イトウ君の思いで

私は小中は市立の学校、高校は県立という何とも平和な人生を歩んできたんですがやはり誰でも彼でも人間ならOK!といった、まるでウナギの養殖場シラスウナギをぶち込むがごとく発想で運営されている私立の小学校や中学校には「お前、ホントに頭に障害ないのか!?」っと疑いたくなるような奴らが結構な数いたんですねえ。

中学校の頃は股間のブツはウマ並、頭はミドリムシ並っという恐怖のパーソナリティーをもつ、通称「トマホーク斎藤」と呼ばれていた(命名は私)男が快活にサッカーに勤しんでいました。

斎藤君はいつもはち切れんばかりの笑顔でもって担任や他のサッカー部員に殴られてばかりいたのですが、斎藤君の凄いところは一年間に5回ほど中学から家までの帰り道を忘れ、何と帰宅途中で路頭に迷うという、普通の感覚では全く考えられない行動をしていたところです。

いやはや、今考えると奴は中々凄い奴だなあ。

そんな中で自分が最も感動にうちふるえた事態は小学校までさかのぼります。

5年生くらいだったと思いますが、自分と同じクラスに「イトウ君」という非常に顔がキツネに似ている少年がいました。

イトウ君は確かそこそこ成績等はいい方なのですが、普通の人には彼が何を言っているのかサッパリ分からないという所に大きな問題点を抱えていました。

でもイトウ君というのは別に授業中いきなり奇声を発したり、奇行を起こすといった事は全くなく、何を考えているのか全く分からない目で時たま思いだしたようにこれまた意味の分からない言葉を静かに呟いるといった塩梅だったんですよ。

しかしまあ、残念な事に変わっている人間というのは虐められるもので、可哀想な事にイトウ君は度々悪ガキに蹴飛ばされ、罵詈雑言を浴びせられていました。

そんなイトウ君ですが、何かの遠足で私はイトウ君と一緒に二人で山の中を歩くという中々凄い機会に恵まれ、私は黙ってイトウ君とともに長い道のりを歩いていました。

するとイトウ君は突然「富士山頂竹馬レースの開催です。
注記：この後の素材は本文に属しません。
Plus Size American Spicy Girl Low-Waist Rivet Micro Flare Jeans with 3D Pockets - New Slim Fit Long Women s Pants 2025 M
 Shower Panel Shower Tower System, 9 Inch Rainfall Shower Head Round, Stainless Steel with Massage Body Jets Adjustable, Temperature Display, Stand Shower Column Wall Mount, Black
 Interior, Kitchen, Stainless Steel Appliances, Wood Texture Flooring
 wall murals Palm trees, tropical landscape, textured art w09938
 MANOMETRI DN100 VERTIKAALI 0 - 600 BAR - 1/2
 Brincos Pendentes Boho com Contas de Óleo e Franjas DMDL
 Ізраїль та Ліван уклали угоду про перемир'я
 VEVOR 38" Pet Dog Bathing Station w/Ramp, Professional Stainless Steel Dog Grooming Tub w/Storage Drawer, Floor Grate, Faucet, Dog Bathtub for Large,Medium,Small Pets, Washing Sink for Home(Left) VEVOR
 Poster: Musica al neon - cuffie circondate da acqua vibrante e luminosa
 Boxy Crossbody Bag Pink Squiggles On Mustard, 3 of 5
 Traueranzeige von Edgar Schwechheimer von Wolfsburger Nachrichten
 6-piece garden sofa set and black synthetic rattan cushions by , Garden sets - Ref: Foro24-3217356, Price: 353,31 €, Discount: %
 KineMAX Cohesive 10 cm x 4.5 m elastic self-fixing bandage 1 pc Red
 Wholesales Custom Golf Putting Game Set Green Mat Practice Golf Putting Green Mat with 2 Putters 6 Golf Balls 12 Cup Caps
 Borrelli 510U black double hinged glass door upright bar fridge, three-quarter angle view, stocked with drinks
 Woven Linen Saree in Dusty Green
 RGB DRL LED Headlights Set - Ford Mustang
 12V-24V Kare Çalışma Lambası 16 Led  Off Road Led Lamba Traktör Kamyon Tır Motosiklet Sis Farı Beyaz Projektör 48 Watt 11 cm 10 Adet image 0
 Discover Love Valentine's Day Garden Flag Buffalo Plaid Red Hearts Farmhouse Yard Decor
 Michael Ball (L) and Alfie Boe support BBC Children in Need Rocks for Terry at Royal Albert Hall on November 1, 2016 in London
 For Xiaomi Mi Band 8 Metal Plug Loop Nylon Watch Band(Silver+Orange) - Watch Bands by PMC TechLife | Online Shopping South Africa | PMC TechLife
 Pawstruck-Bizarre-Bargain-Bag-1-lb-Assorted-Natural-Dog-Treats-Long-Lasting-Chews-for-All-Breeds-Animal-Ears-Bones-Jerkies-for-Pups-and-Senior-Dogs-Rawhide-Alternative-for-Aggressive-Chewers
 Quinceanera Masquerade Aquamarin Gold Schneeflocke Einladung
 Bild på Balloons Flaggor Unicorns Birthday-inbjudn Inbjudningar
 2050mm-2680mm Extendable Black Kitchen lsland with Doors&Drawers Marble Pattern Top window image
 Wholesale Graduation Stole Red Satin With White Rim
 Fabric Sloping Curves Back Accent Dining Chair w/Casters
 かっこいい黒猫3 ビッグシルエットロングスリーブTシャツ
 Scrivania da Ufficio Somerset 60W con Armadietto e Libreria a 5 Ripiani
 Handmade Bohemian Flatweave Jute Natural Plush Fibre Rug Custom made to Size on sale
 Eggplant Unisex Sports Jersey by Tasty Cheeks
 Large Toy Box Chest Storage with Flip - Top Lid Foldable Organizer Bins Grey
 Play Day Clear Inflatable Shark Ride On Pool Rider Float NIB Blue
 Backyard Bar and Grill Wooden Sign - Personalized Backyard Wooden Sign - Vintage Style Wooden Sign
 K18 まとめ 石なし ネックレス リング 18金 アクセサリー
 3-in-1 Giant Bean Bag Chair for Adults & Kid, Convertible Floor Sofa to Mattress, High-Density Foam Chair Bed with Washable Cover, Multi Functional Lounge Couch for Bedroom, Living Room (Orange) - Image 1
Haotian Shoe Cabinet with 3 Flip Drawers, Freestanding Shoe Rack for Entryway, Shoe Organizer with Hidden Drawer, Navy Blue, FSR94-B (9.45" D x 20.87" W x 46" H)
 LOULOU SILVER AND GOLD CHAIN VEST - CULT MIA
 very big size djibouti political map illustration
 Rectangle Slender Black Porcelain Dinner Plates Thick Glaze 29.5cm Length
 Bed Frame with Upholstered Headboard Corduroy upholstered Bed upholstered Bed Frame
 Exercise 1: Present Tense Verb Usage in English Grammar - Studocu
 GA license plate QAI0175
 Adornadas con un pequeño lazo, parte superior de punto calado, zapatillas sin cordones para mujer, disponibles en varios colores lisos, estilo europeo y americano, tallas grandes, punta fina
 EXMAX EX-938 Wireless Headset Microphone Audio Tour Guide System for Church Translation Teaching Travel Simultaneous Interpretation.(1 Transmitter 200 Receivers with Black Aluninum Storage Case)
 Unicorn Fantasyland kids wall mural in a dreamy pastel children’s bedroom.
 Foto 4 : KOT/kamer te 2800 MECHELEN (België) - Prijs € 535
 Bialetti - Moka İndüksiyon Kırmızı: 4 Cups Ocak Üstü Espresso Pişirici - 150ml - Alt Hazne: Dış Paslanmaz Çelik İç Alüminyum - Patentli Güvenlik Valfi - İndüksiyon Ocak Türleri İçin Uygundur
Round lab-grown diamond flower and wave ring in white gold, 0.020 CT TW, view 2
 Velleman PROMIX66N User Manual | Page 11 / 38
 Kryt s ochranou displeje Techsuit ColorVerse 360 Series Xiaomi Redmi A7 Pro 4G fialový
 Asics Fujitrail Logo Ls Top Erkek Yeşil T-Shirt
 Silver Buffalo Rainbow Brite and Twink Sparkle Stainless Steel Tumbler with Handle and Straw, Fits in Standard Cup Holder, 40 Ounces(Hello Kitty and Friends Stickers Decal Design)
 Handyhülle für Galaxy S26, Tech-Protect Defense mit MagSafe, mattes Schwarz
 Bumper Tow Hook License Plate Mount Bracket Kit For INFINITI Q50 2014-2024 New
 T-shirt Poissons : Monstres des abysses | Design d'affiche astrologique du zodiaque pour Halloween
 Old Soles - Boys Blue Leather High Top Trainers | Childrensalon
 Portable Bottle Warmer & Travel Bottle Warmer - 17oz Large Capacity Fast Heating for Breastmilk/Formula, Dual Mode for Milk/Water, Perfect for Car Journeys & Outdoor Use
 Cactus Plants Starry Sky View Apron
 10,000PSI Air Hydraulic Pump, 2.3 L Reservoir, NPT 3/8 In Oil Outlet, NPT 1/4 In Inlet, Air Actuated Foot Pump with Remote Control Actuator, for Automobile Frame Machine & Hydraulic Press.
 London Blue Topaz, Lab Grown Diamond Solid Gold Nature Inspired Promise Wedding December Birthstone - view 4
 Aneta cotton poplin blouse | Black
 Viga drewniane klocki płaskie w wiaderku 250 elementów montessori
お〜っと○○さん(もう覚えていない)速い!ナントカカントカナントカ!」っと鋭い声で喋り出し、「富士山頂竹馬レース」という彼の頭の中にしか存在しないレースを実に鮮やかに実況し始めたんですよ。

あれには本当に驚いた。

今思うと多分イトウ君は凄く想像力豊かってか、根本的に一般人とは違う感覚でもって日常を歩んでいたんだなあと思います。

ふと今日外を見るとイトウ君に良く似た小学生の男の子が奇声を発しながら走り回っていたので何となく思いだしてしまいました。

今もどこかでイトウ君が「富士山頂竹馬レース」の続きを鋭く叫んでいるといいのになあ。